Federal labs promote their wares, but few seem to be buying
Four years after Congress required federal laboratories to promote the use of their nonclassified research results among the public at large, the labs are finding few takers.
Under the Technology Innovation Act of 1980, all federal labs with research budgets of more than $20 million are required actively to pursue sharing nonclassified information with people outside government. They also should have one person working on technology transfer full-time.
But even with this federal mandate, some labs are finding this technology transfer a difficult task. Some businesses, state and local governments, and social-service organizations have benefited from this technology transfer, say some lab officials. But it is still apparently an underutilized resource.

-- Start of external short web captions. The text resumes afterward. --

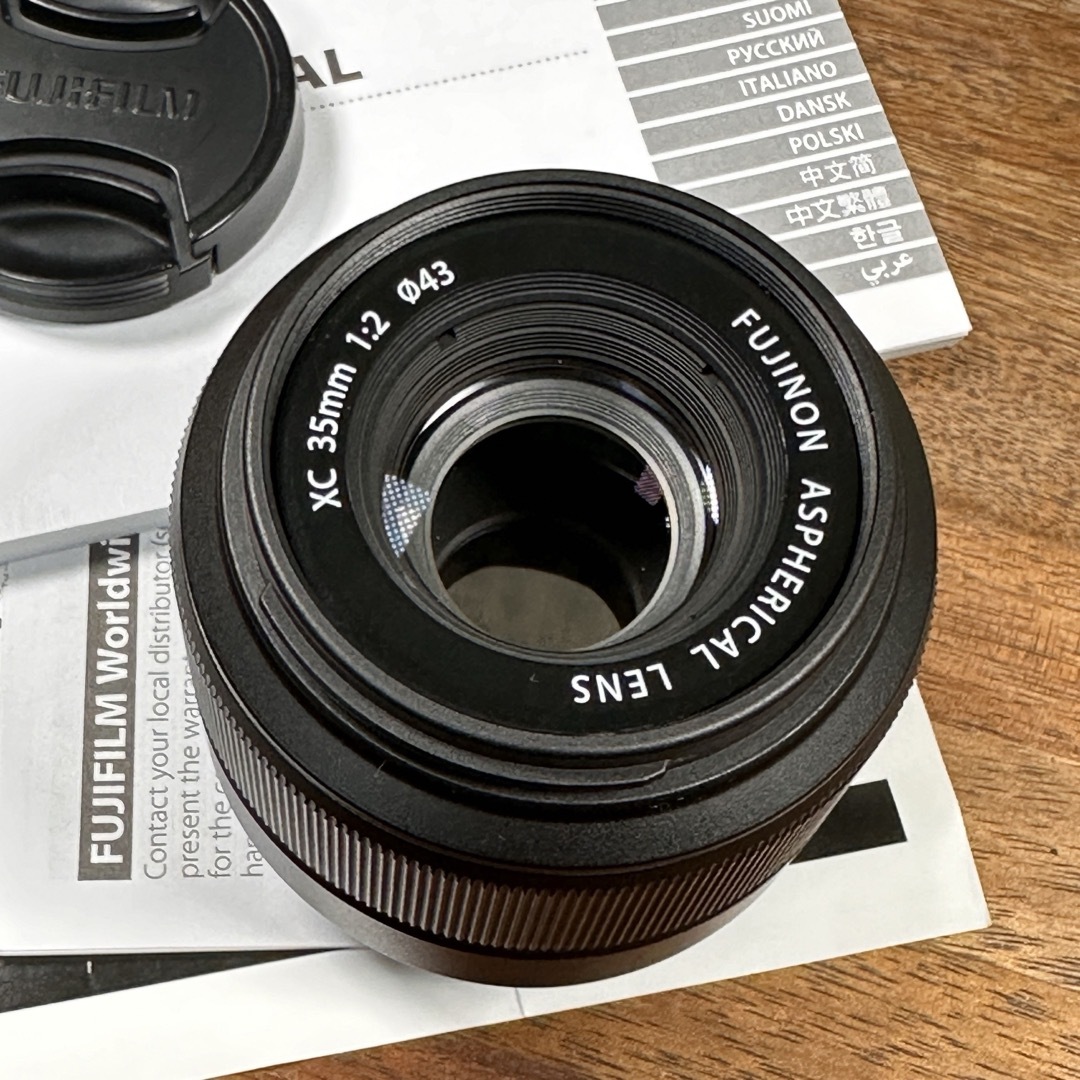 富士フイルム(フジフイルム)のFujinon XC35mmF2 単焦点 スマホ/家電/カメラのカメラ(レンズ(単焦点))の商品写真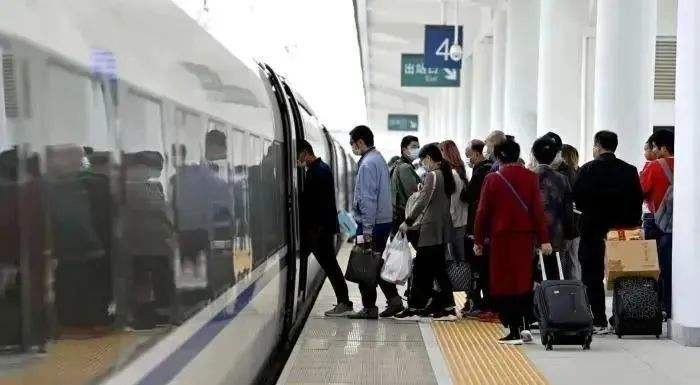春运首日火车票开售回家将有更多选择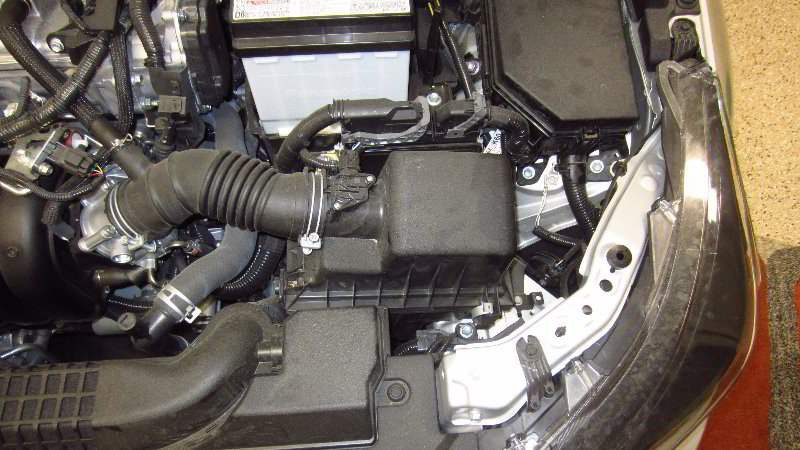 2020-Toyota-Corolla-Engine-Air-Filter-Replacement-Guide-002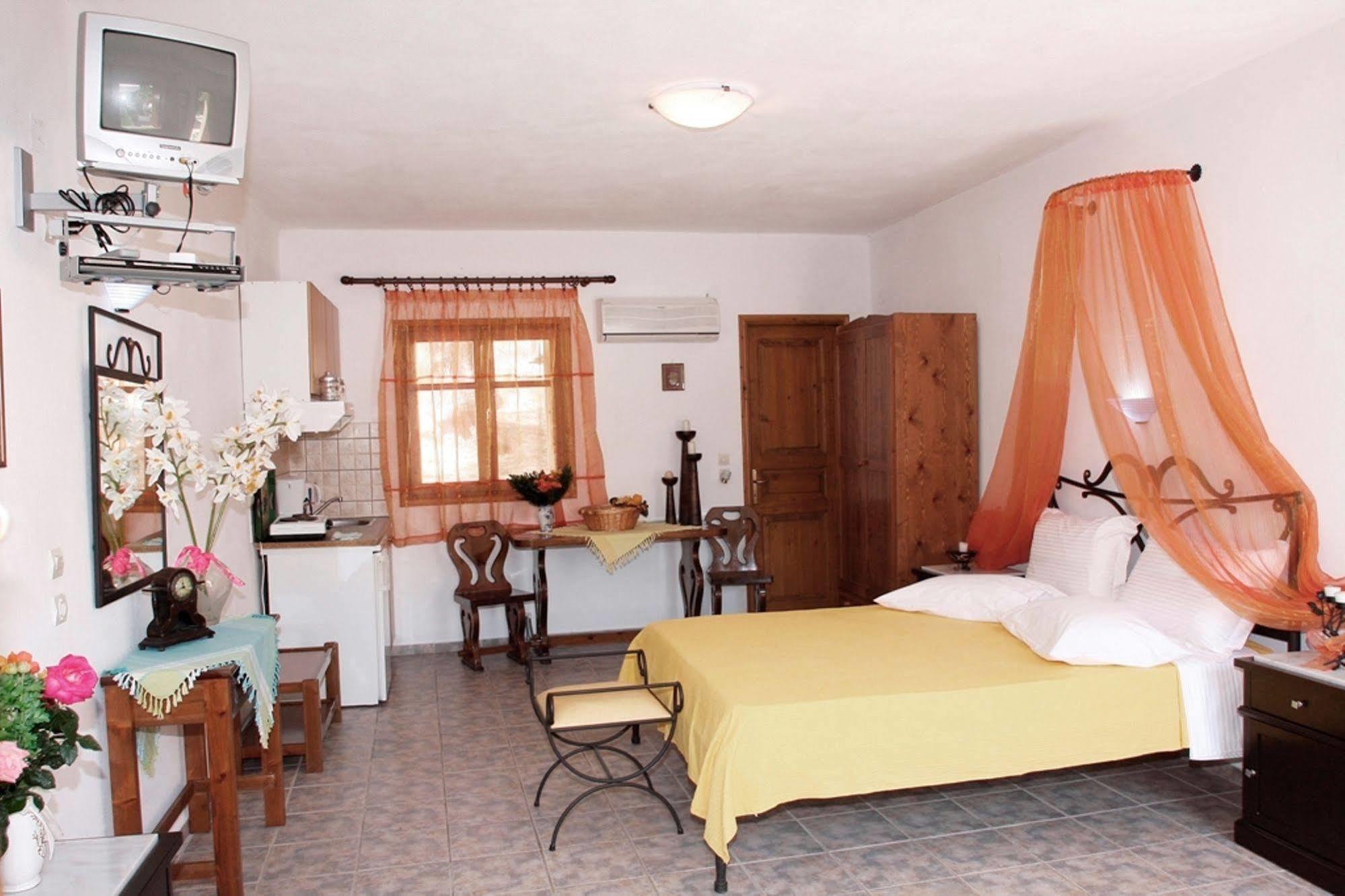 Artemis Bungalows Stafylos Dış mekan fotoğraf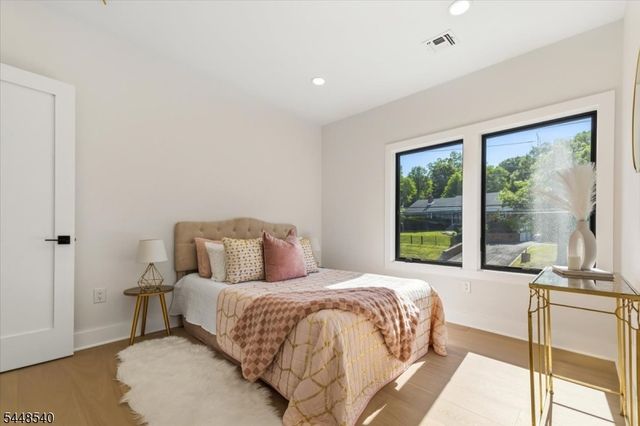 29 Sycamore Ave, Livingston Twp., NJ 07039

Eugene Stark of the Los Alamos National Laboratory in New Mexico says that ''one-quarter to one-third of the (nation's) scientific manpower is in the government. The government has cornered the market on the scientific community. So the thought is to spread the wealth.''
Some labs have been sharing research data for years through scientific journals. ''But, that's not enough,'' Dr. Stark says.
One of the problems with trying to fulfill the law's requirements is that the law itself is not generally well known.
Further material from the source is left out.